Andrea Ceccherini's speech opens the Milan conference. The goal: to combat youth abstentionism with new tools for citizenship.
17 June 2025
64% of young people didn't vote during the last European elections. At Young Factor in Milan, Andrea Ceccherini launches the recipe for a new generation of citizens: financial education and critical thinking to matter again.
A warning and a proposal. Andrea Ceccherini, president of the Osservatorio Permanente Giovani-Editori, opened the third edition of the “Young Factor” conference with a lucid and passionate speech, laying the foundation for a new alliance between institutions and the new generations. The stated objective of the event, organized in Milan by the Observatory itself, is singular: to find an effective strategy “to keep young people inside the discussions that matter in society. Inside and not outside, ‘in’ and not ‘out’.”
The starting point is an unflinching analysis of reality, based on data that depicts a worrying vacuum of participation. Ceccherini pointed to the critical issue of youth abstentionism, the true democratic emergency of our time.
“Consider that in the last European elections only 36% of young people under the age of 25 took part in the election.

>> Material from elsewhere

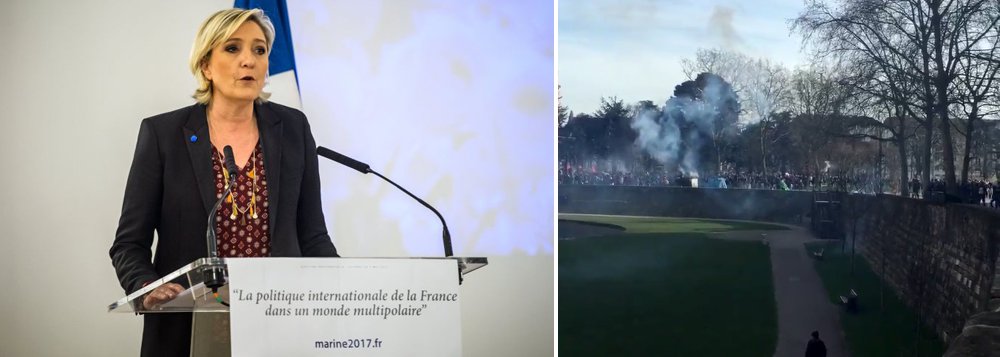 Tropa de choque da polícia francesa usou bombas e gás lacrimogênio para conter o protesto contra discurso líder da extrema-direita Marine Le Pen, neste domingo, 26, em Nantes; manifestantes, muitos com máscaras, lançaram bombas de fumaça e até coquetéis molotov contra policiais durante os protestos; durante os protestos muitos participantes gritavam "Todo o mundo odeia polícia!"; duas pessoas acabaram detidas para identificação e pelo menos um policial foi levado ao hospital com queimadura na perna, informou o jornal regional francês Ouest-France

This means that 64% of you who had the right to vote stayed out. You stayed out of a decisive moment.”
How can this gap be filled? Young Factor's proposal is structured around two indispensable "travel companions" for every young person who wants to become an active and aware citizen. The first is critical consciousness, defined as the antidote to passivity, especially in the age of artificial intelligence.
“Critical consciousness means learning to see the world with your own eyes and reason with your own mind. It means not being automatons, not being ghosts in the discussions you hear.”
The second tool is economic and financial education, presented not as a subject for specialists, but as a pillar of citizenship. It is the skill that allows one to move from emotional choices to rational decisions, understanding the weight and value of each action.
“Understanding what every choice costs and what that cost is worth is an integral part of the decisions you will have to make. From this point of view, financial education, guys, is not an optional extra, but an absolute must.”
With figures such as former ECB President Jean-Claude Trichet and the governor of the Bank of Portugal, Mário Centeno, present in the audience, Ceccherini finally made a direct appeal to the students, inviting them to be protagonists, to use their irreverence, and not to be afraid to speak their minds. Participation, he concluded, is a lesson to be learned and practiced.
“Being there from the beginning, being there to express oneself, being there to matter. We want a Europe that doesn't remain bogged down where it is, but that knows how to look further ahead.”